------ Available data

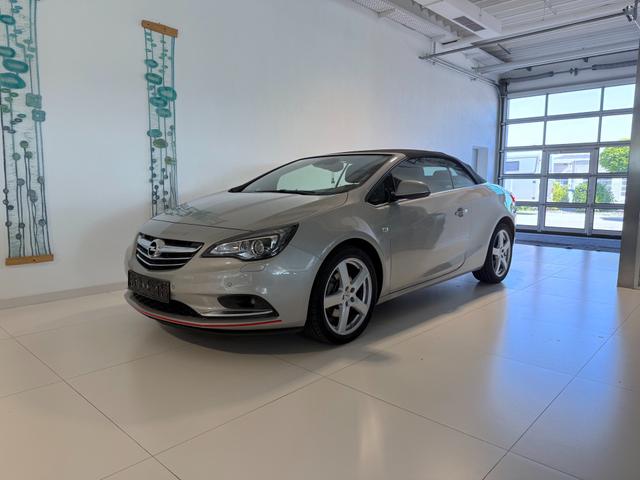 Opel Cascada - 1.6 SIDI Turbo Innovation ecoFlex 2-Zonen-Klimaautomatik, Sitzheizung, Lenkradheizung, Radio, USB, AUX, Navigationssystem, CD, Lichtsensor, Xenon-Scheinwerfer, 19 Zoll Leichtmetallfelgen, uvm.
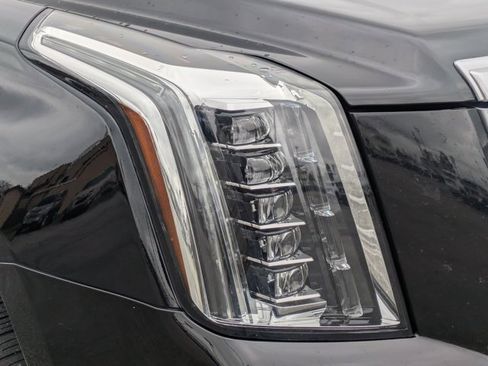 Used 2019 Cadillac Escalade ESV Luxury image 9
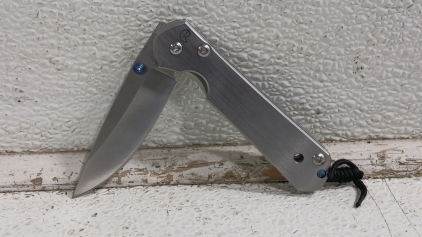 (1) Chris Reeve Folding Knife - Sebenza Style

------------

**What is expected:** Please give back every line above exactly as it stands, without pictures.

**Result for this exercise:**
 Opel Cascada - 1.6 SIDI Turbo Innovation ecoFlex 2-Zonen-Klimaautomatik, Sitzheizung, Lenkradheizung, Radio, USB, AUX, Navigationssystem, CD, Lichtsensor, Xenon-Scheinwerfer, 19 Zoll Leichtmetallfelgen, uvm.
 Used 2019 Cadillac Escalade ESV Luxury image 9
 (1) Chris Reeve Folding Knife - Sebenza Style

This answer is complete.